Partnerships: Necessary but not sufficient for the future of the Pharmaceutical Industry Stewart Adkins, Stewart Adkins Advisors Ltd
In the loosest sense of the word, partnerships meaning relationships with external providers of product and services, have been a large contributor to the pharmaceutical industry for many years. However, those partnerships have rarely become a true symbiosis where the partners become mutually interdependent. Such a relationship would probably have offended the sense of self-importance of most pharmaceutical companies but the balance of power is ebbing away from the traditionally fully-integrated players and self-importance is a luxury that few can afford. This article proposes that the challenges to the future of Big Pharma are of sufficient magnitude that mere adaptations to the hitherto successful business model will not suffice to stave off stagnation and decline and that board rooms need to open their collective minds to completely new ways of doing business.
The perfect business development organisation? Comparison of theory and practice along the pharmaceutical licensing process Sandy Donaldson and Chedia Abdelkafi, Vlerick Leuven Gent Management School, and Dr Michael Delfs, UCB Pharma SA
Business Development activities are increasingly important in the pharmaceutical industry, as illustrated by the growing number of alliances, reduced novel innovations by internal R&D departments and the increasing financial value of licensing deals. However, there is limited evidence that Business Development organisations follow clear strategic objectives and subsequently translate them into adequate structure, process and performance measures. Whilst the licensing process is similar throughout the Industry, in benchmarking interviews we have highlighted some trends and key drivers of success, such as the need for an optimal balance of stages/gates and built-in agility through clear and empowered decision-making. To complement agility, sufficient organisational support, deal creativity and performance measurement are also of pivotal importance when moulding the perfect business development organisation.
The Reverse Start-Up Model: An organisational approach to bridge the innovation gap Neil J Campbell, Mosaigen, Inc and Endeavour Capital Asia Ltd
What needs to be done to improve or change the lack of commercial development productivity of the life science industry, specifically the pharmaceutical and medical device industries? Having an innovative approach to creating diversified commercial opportunities can drive enterprise value, share appreciation and diminish the attrition rates of development failure. Having a model that outlines the end results and the steps necessary to achieve it can provide a sustainable and scalable approach to managing and growing your life science organisation, be it large, small or an early-stage venture.

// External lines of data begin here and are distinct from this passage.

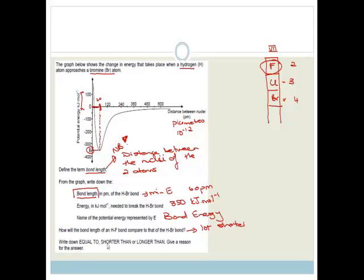The answer is shorter than, and the reason is that fluorine is a much smaller atom than bromine.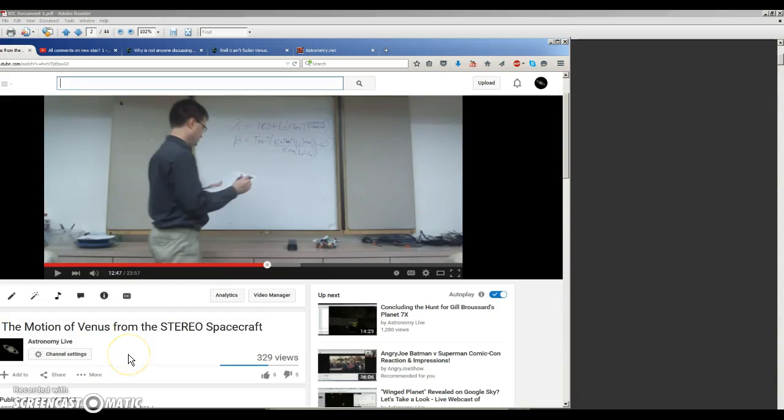Hi, folks. Almost a year ago, I created this video about how to calculate the apparent motion of Venus as seen from STEREO AHEAD. I did that to address a misconception that Venus was moving too slowly as seen from STEREO AHEAD.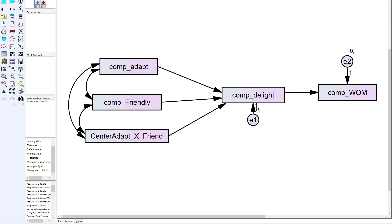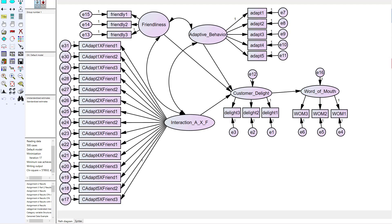How do we do it if the variables are unobservable? Let's take a look in AMOS and see how we would test the moderator if it was unobservable. Right now you can see I've got adaptive behavior as unobservable with its five measurement items going to an unobservable customer delight and unobservable word of mouth. I've also got friendliness as an unobservable construct measured by three items with a direct relationship to customer delight. But now we have to form the interaction term with these measurement items — how do we do that?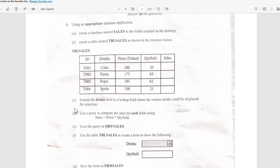Letter E says save the query as QRY_sales, and letter F says use the table tbl_sales to create a form to show the fields: drinks and quantity sold. I will show you how you can easily solve that problem.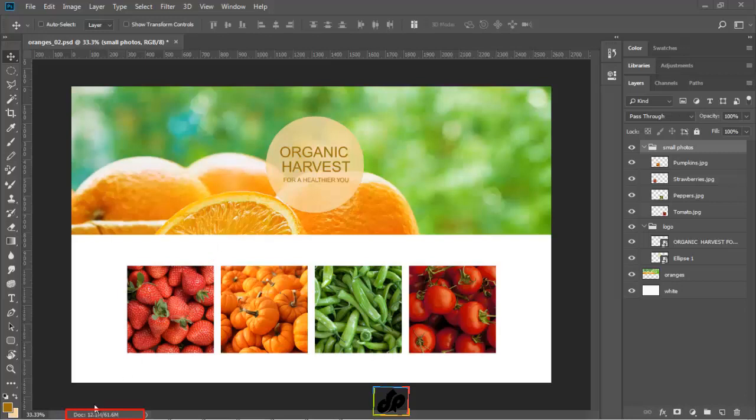We can see at the lower left-hand corner at the document size that if this document would be flattened, it would be about 12 MB, but as a layered document, it's 61.6 MB. So, we will now bring down the file size.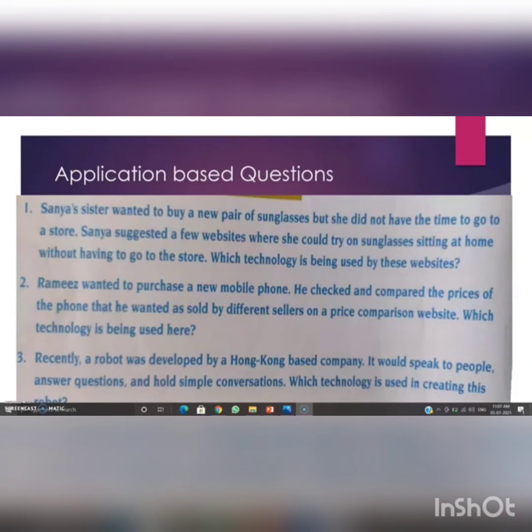We have completed this lesson. Next class we will start a new lesson. The question and answers for this lesson will be sent as a PDF. Please mark the questions in your book and write them in your booklet. Hope to meet you in the next class — bye, take care, thank you.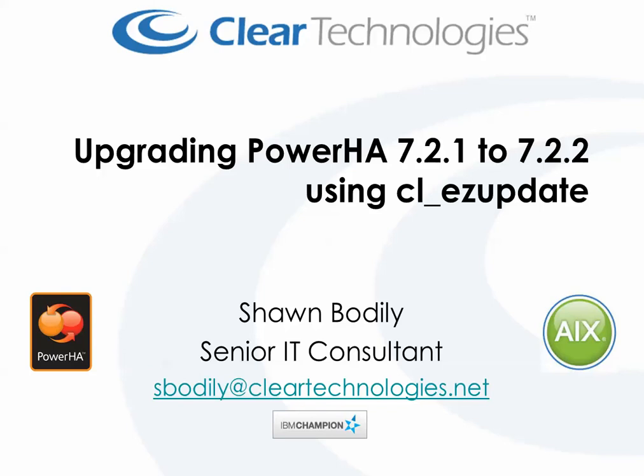Hi there, this is Sean Bodley with Clear Technologies. I'm a senior IT consultant based out of Dallas, Texas.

Opportunities and challenges in licensing Nicholas Adams, Antisoma, Simon Best, BioIndustry Association and Ian Scoular, BTG plc
Licensing may be commonplace these days, but is still not an easy option. You need to look hard for good deals that fit with your strategy, then be careful to maintain a good working relationship with your new partner. In this article, three luminaries of the UK biotech field – Antisoma’s Nick Adams, the BioIndustry Association’s (BIA’s) Dr Simon Best and Protherics’s Dr Ian Scoular – offer advice and a seasoned eye on the opportunities and challenges inherent in licensing.

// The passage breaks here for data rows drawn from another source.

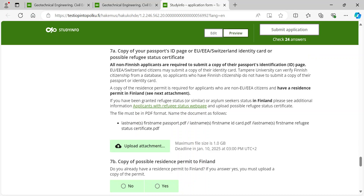Once you have uploaded the attachment to the online application, you can't open and check the document from the application form. This is, however, not a problem and the admission services are able to access the document uploaded. Always remember to resend the application on the top right corner after uploading documents to your application. Please note that missing documents will result in a rejection of the application.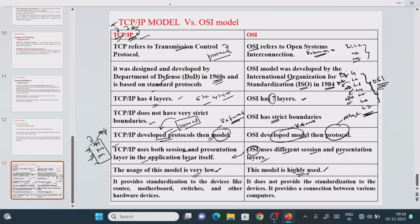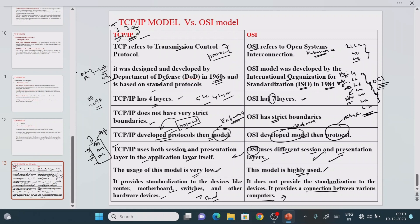OSI provides standardization to devices like routers and motherboards, which are L2 and L3 devices. TCP/IP does not provide standardization to devices; instead it provides a connection between various computers. Additionally, in a four-layer TCP/IP model, the data link layer and physical layer are combined into a single link layer, whereas in OSI they are kept separate.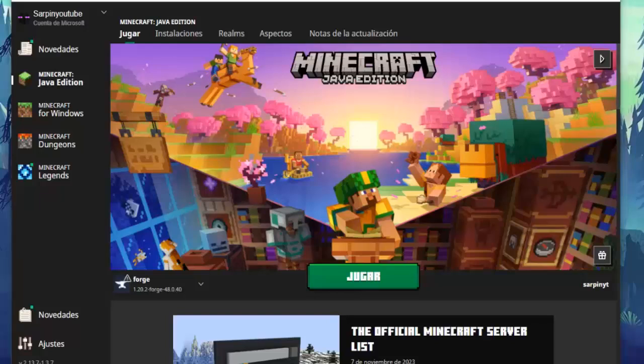Hello and a very good day to everyone. Welcome to another video on the channel, and today I'm bringing you a new tutorial on how to download and install mods in Minecraft in a very simple and super easy way.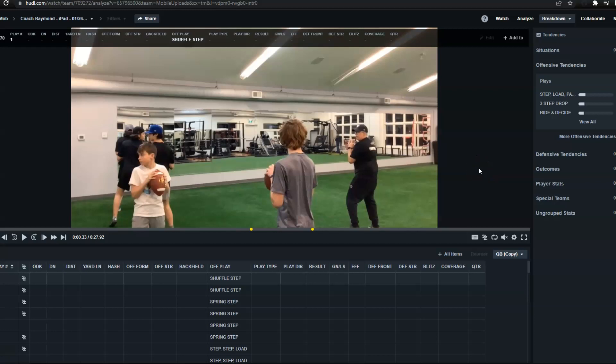Hey guys, how you doing? Coach Ron Raymond here from Capital QBs and what I want to show you right now is one of the things we always start with in our training. It's called the shuffle step drill.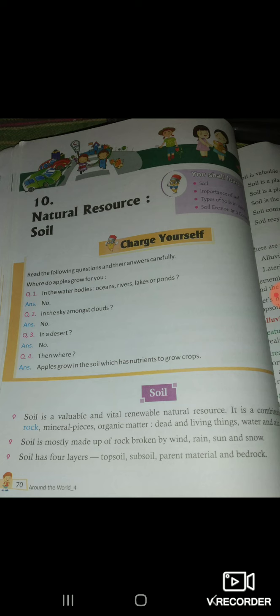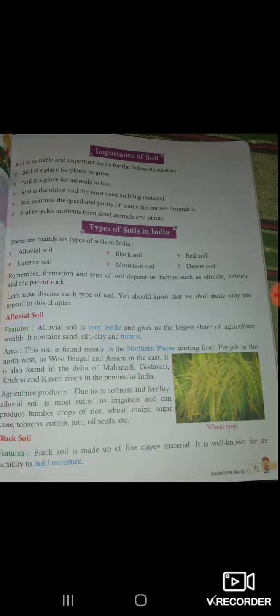Soil is mostly made up of rock broken by wind, rain, sun, and snow. Soil mostly banti hai rock ki jo tootti hai hawa ke dwaran, rain, snow, and sun ke dwaran. Soil has four layers: top soil, sub soil, parent material, and bedrock.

Creating real value in pharmaceuticals. Driving business development through portfolio strategy Richard Stevenson, Cognitus Ltd
Ernst and Young (November 2008 survey) report that a majority of drug makers now rate market re-focusing and improved new product flows as their top strategic priorities. The survey also reports an increase in the number ‘strategic initiatives’ meaning companies must increase the speed of change by ‘prioritising and allocating resources effectively’.
These new priorities mean that managing product pipeline and drug portfolios – within a long term value framework – is now at the heart of the strategic agenda. However, maximising the value of planned investments in pharmaceuticals is notoriously difficult using traditional financial methods. Strategic resources must now be prioritised over three dimensions – portfolios, pipelines and time – with value as the ‘common denominator’.
This article describes a proven and transparent strategy architecture that addresses these issues from an integrated dynamic resource management and valuation perspective. Value cycle dynamics (VCD) comprises a rigorous management engagement process supported with value-based decision and communication tools. VCD is applied through a process and toolset known as system dynamics simulation and is illustrated here through a case example. The key features and benefits are summarised.